(Records drawn from a dataset)
----------------

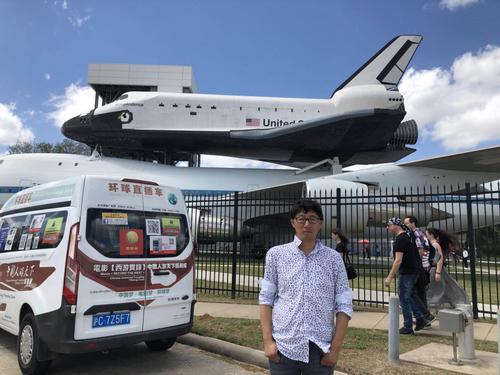 中国侨网图为樊玉虎与他上海牌照的汽车在休斯敦地标NASA太空中心留影。（美国《世界日报》/樊玉虎供图）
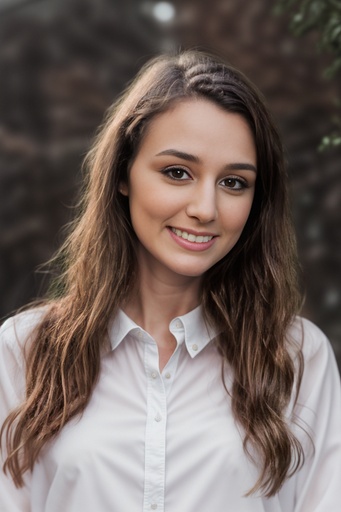 Woman in white button up shirt models for headshot photo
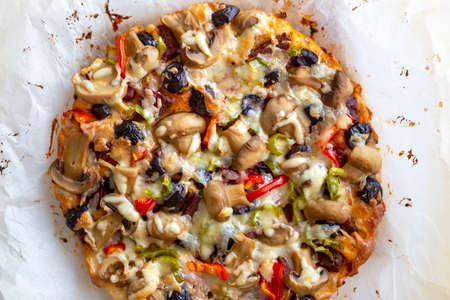 homemade pizza on parchment paperの写真素材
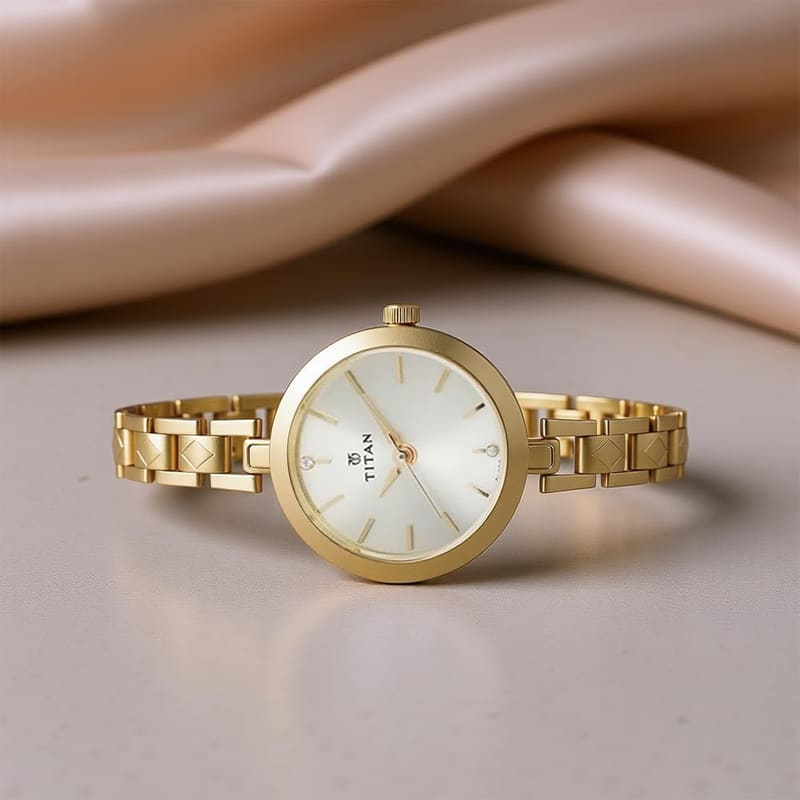 Titan Karishma NM2598YM01 lying on a beige surface showing the slim round gold case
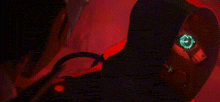 a close up of a person 's face with glowing eyes in a red light .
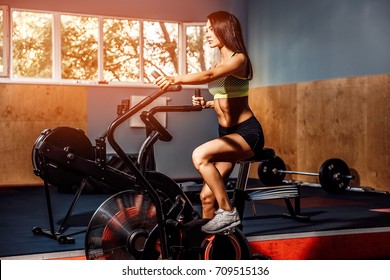 Fit young woman using exercise bike at the gym. Fitness female using air bike for cardio workout at crossfit gym. - Powered by Shutterstock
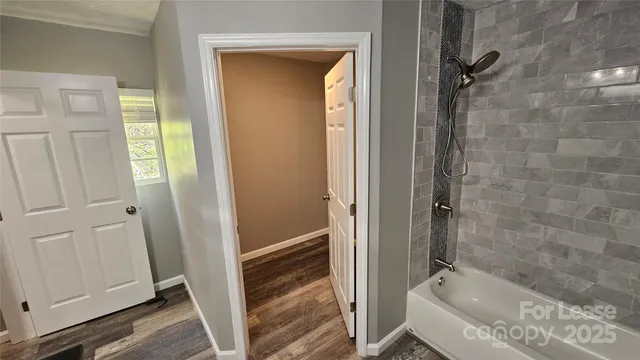 a bathroom with a tub and a sink
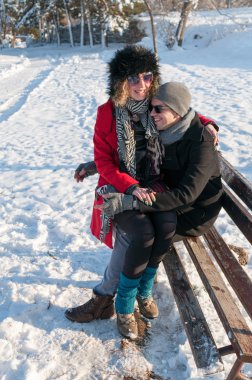 Young couple sitting on a bench in a park in Winter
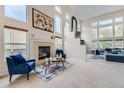 Bright living room with a fireplace, high ceilings, and large windows at 6598 S Telluride St, Aurora, CO 80016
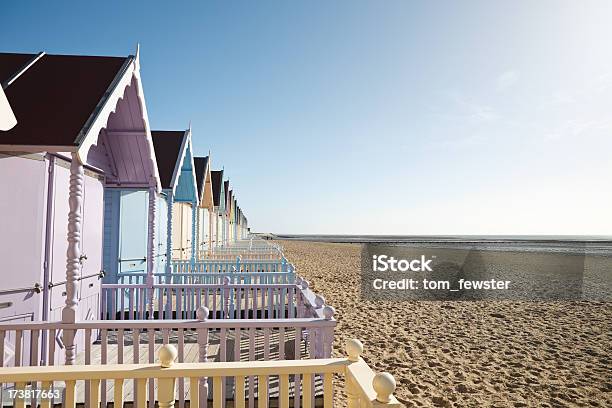 A Row Of Pastel Colored Beach Homes On The Sandy Shore Stock Photo - Download Image Now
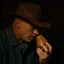 Man wearing a cowboy hat and holding a nosing glass made from oak wood
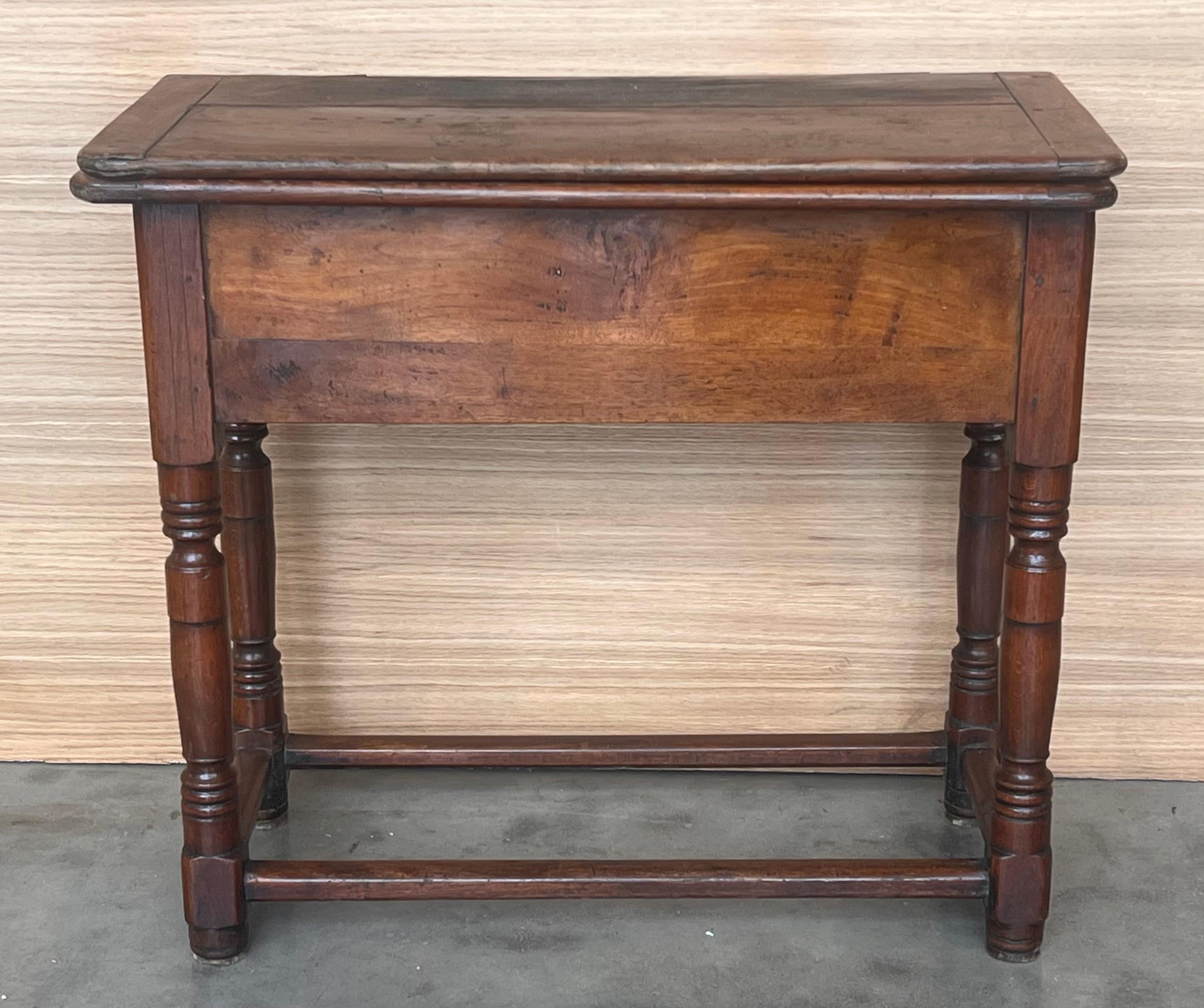 Square Folding oak side table with Carved legs and carved top and edges. 
It´´s a typical summer table of the Spany´s countrys.
The table has four legs and you can easily open the top and it has vey stability .
Restored and very functional piece.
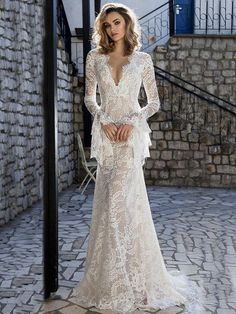 a woman in a white wedding dress standing on a brick floor next to a staircase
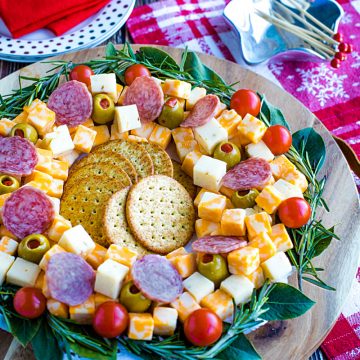 Cubed cheese, Italian sausage, stuffed olives and an abundance of seasonal herbs make this quick and easy show stopping appetizer wreath a favorite for holiday entertaining! #mustlovehomecooking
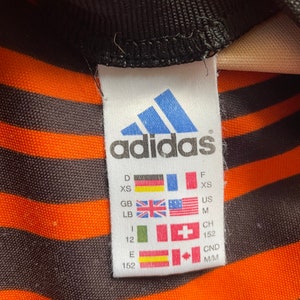 May include: A white tag with the Adidas logo and size chart. The tag is black and white with the Adidas logo in blue. The size chart includes sizes for Germany, France, United Kingdom, United States, Switzerland, and Canada. The sizes are XS, M, 152, and M/M.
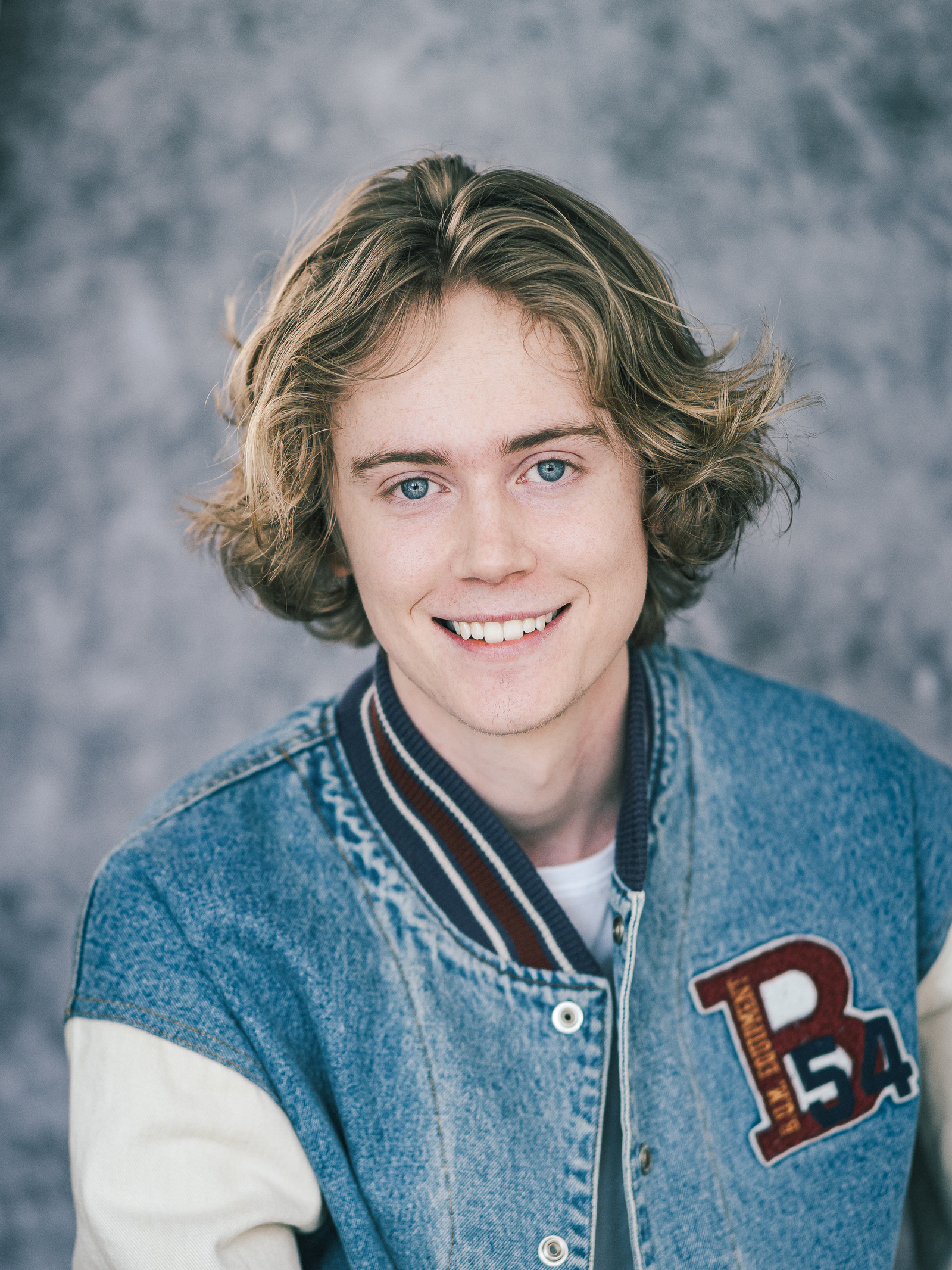 Headshot of a blonde male actor wearing a blue jacket against a grey background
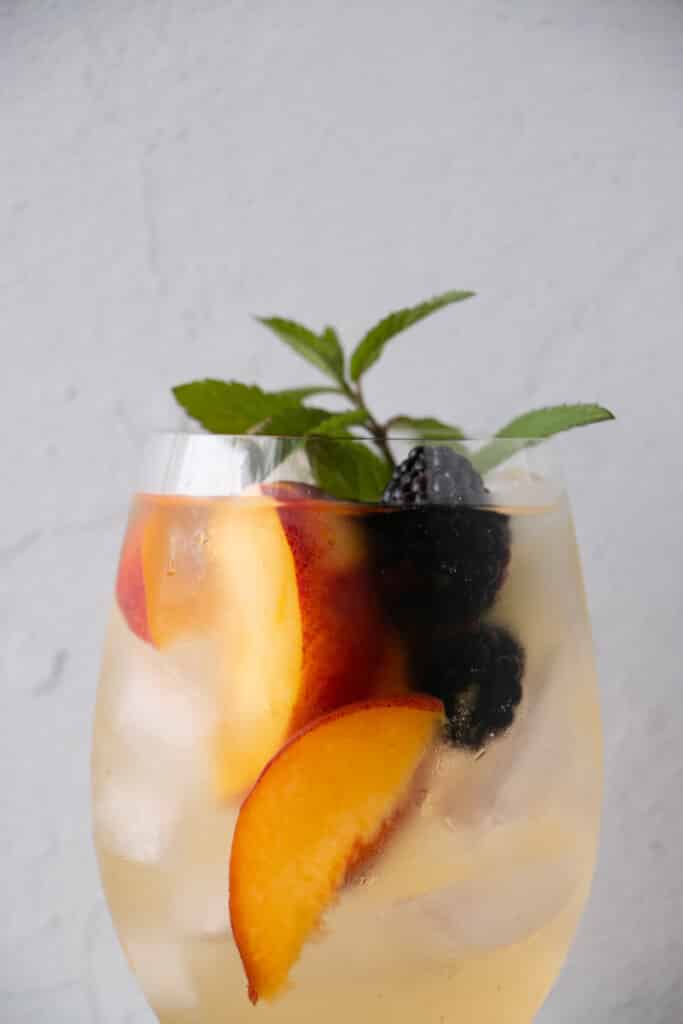 stemless wine glasses filled with ice, a white wine based sangria, peaches, blackberries and a bright green fresh mint stem. 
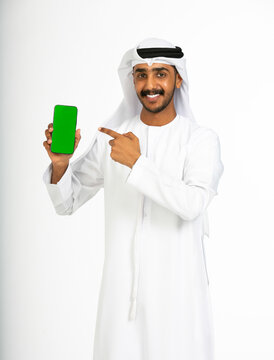Emirati man holding a phone.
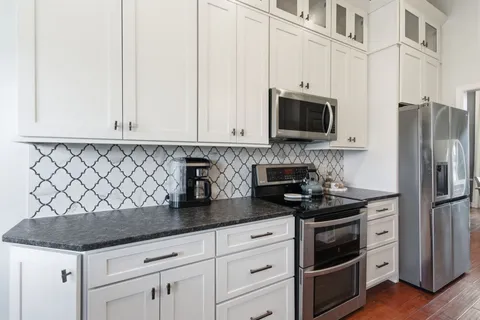 a kitchen with granite countertop white cabinets and stainless steel appliances
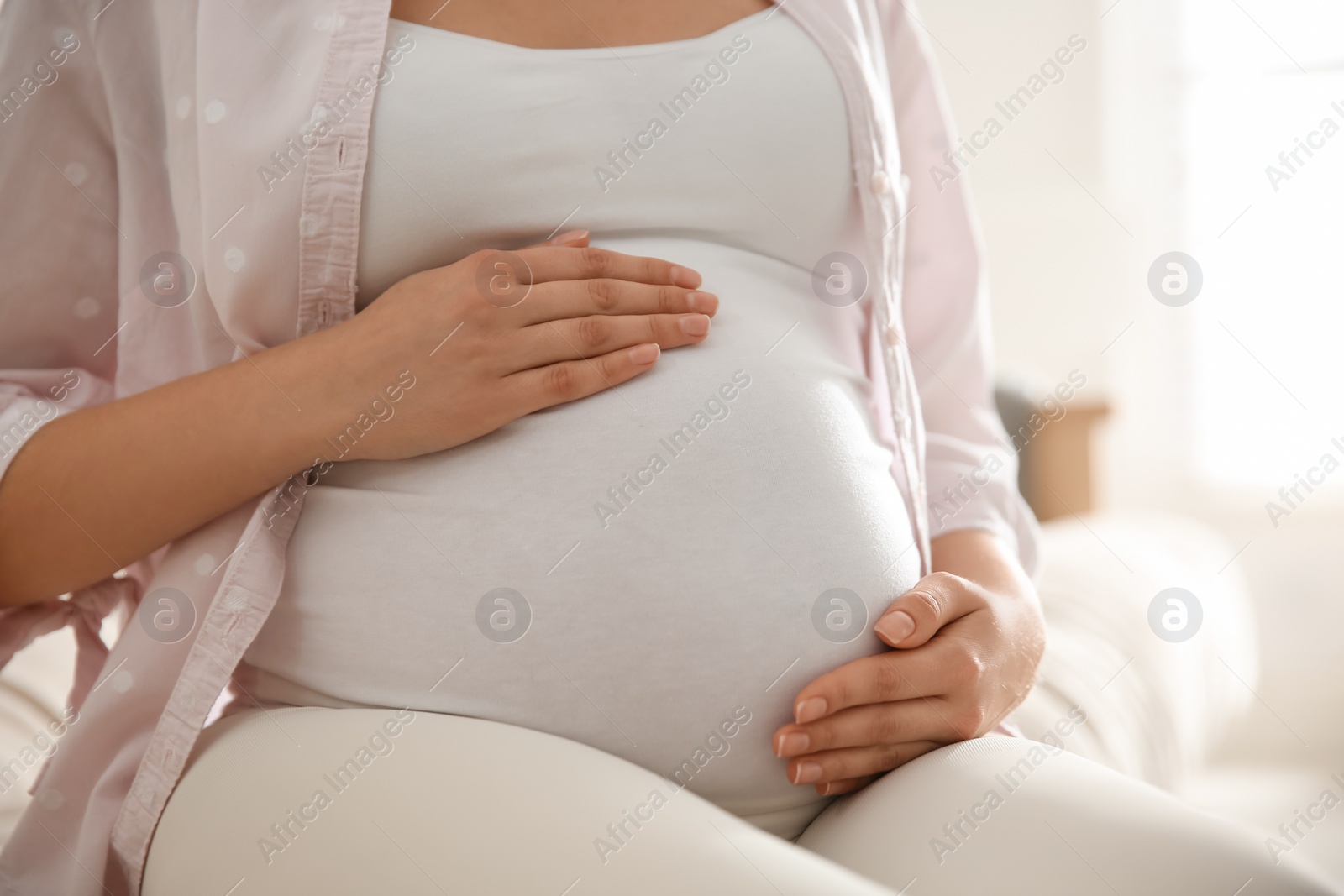 Photo of Pregnant woman touching her belly indoors, closeup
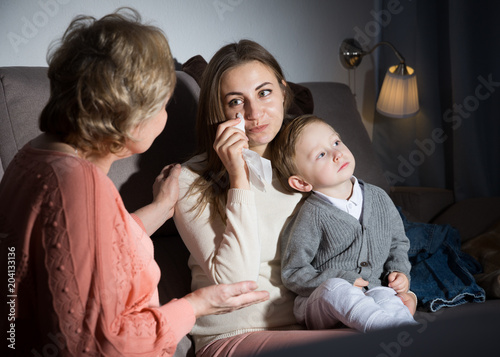 Aged woman is comforting emotional daughter after watching film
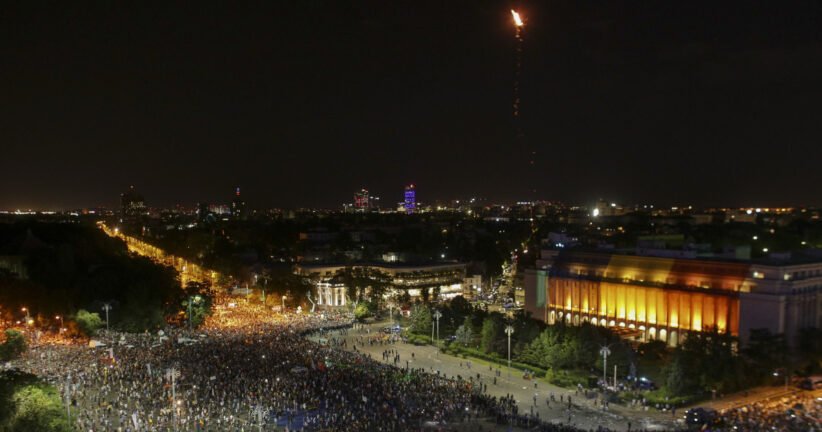 Nighttime aerial view of a crowded city square with a brightly lit building to the right and a tall flame rising into the sky from a rocket or flare above the city.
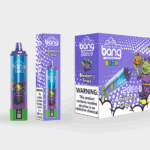 Un producto de vapeo desechable colorido y un empaque para "Bang Blaze" en sabor Blueberry Grape, que presenta una ilustración de un duende con temática de Halloween y una etiqueta de "2000 caladas", con una advertencia de nicotina.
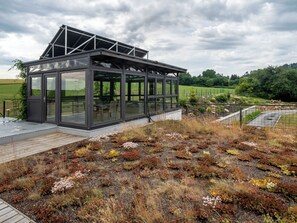 A modern glass structure with a metal roof, surrounded by a natural landscape with diverse vegetation. - V Šachu by Interhome (Dačice)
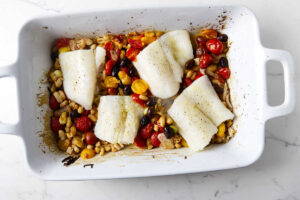 Nestling cod into the baking dish with tomatoes, beans, garlic, and olives.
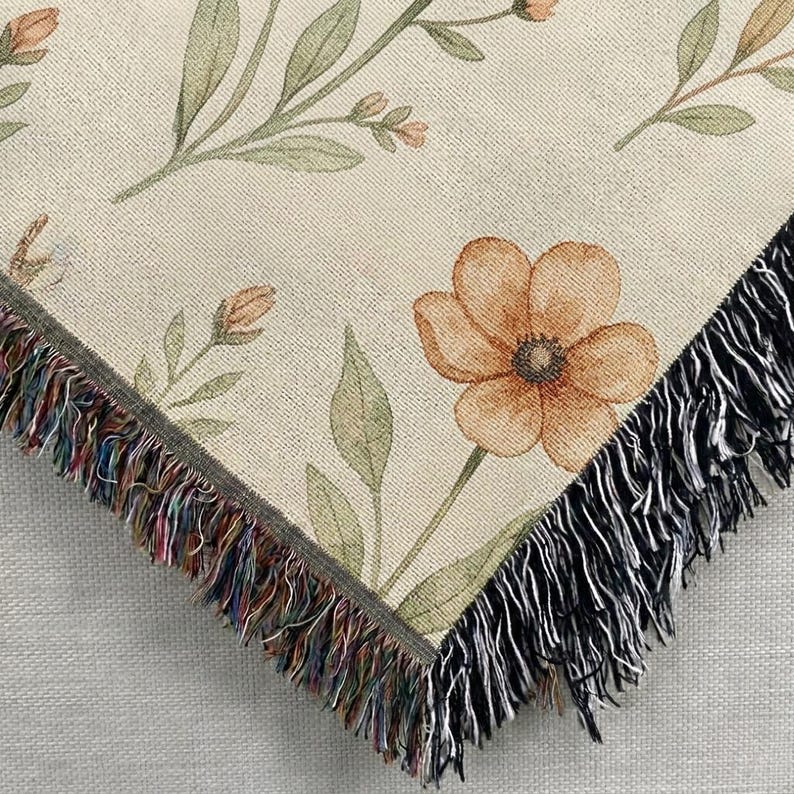 May include: A woven throw blanket featuring a cream-colored background with a botanical pattern of orange flowers and green leaves. The edges of the blanket are finished with a decorative fringe that incorporates multicolored threads and black fibers.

----------------

Repeat the lines above precisely and skip every picture.

 中国侨网图为樊玉虎与他上海牌照的汽车在休斯敦地标NASA太空中心留影。（美国《世界日报》/樊玉虎供图）
 Woman in white button up shirt models for headshot photo
 homemade pizza on parchment paperの写真素材
 Titan Karishma NM2598YM01 lying on a beige surface showing the slim round gold case
 a close up of a person 's face with glowing eyes in a red light .
 Fit young woman using exercise bike at the gym. Fitness female using air bike for cardio workout at crossfit gym. - Powered by Shutterstock
 a bathroom with a tub and a sink
 Young couple sitting on a bench in a park in Winter
 Bright living room with a fireplace, high ceilings, and large windows at 6598 S Telluride St, Aurora, CO 80016
 A Row Of Pastel Colored Beach Homes On The Sandy Shore Stock Photo - Download Image Now
 Man wearing a cowboy hat and holding a nosing glass made from oak wood
 Square Folding oak side table with Carved legs and carved top and edges. 
It´´s a typical summer table of the Spany´s countrys.
The table has four legs and you can easily open the top and it has vey stability .
Restored and very functional piece.
 a woman in a white wedding dress standing on a brick floor next to a staircase
 Cubed cheese, Italian sausage, stuffed olives and an abundance of seasonal herbs make this quick and easy show stopping appetizer wreath a favorite for holiday entertaining! #mustlovehomecooking
 May include: A white tag with the Adidas logo and size chart. The tag is black and white with the Adidas logo in blue. The size chart includes sizes for Germany, France, United Kingdom, United States, Switzerland, and Canada. The sizes are XS, M, 152, and M/M.
 Headshot of a blonde male actor wearing a blue jacket against a grey background
 stemless wine glasses filled with ice, a white wine based sangria, peaches, blackberries and a bright green fresh mint stem. 
Emirati man holding a phone.
 a kitchen with granite countertop white cabinets and stainless steel appliances
 Photo of Pregnant woman touching her belly indoors, closeup
 Aged woman is comforting emotional daughter after watching film
 Nighttime aerial view of a crowded city square with a brightly lit building to the right and a tall flame rising into the sky from a rocket or flare above the city.
 Un producto de vapeo desechable colorido y un empaque para "Bang Blaze" en sabor Blueberry Grape, que presenta una ilustración de un duende con temática de Halloween y una etiqueta de "2000 caladas", con una advertencia de nicotina.
 A modern glass structure with a metal roof, surrounded by a natural landscape with diverse vegetation. - V Šachu by Interhome (Dačice)
 Nestling cod into the baking dish with tomatoes, beans, garlic, and olives.
 May include: A woven throw blanket featuring a cream-colored background with a botanical pattern of orange flowers and green leaves. The edges of the blanket are finished with a decorative fringe that incorporates multicolored threads and black fibers.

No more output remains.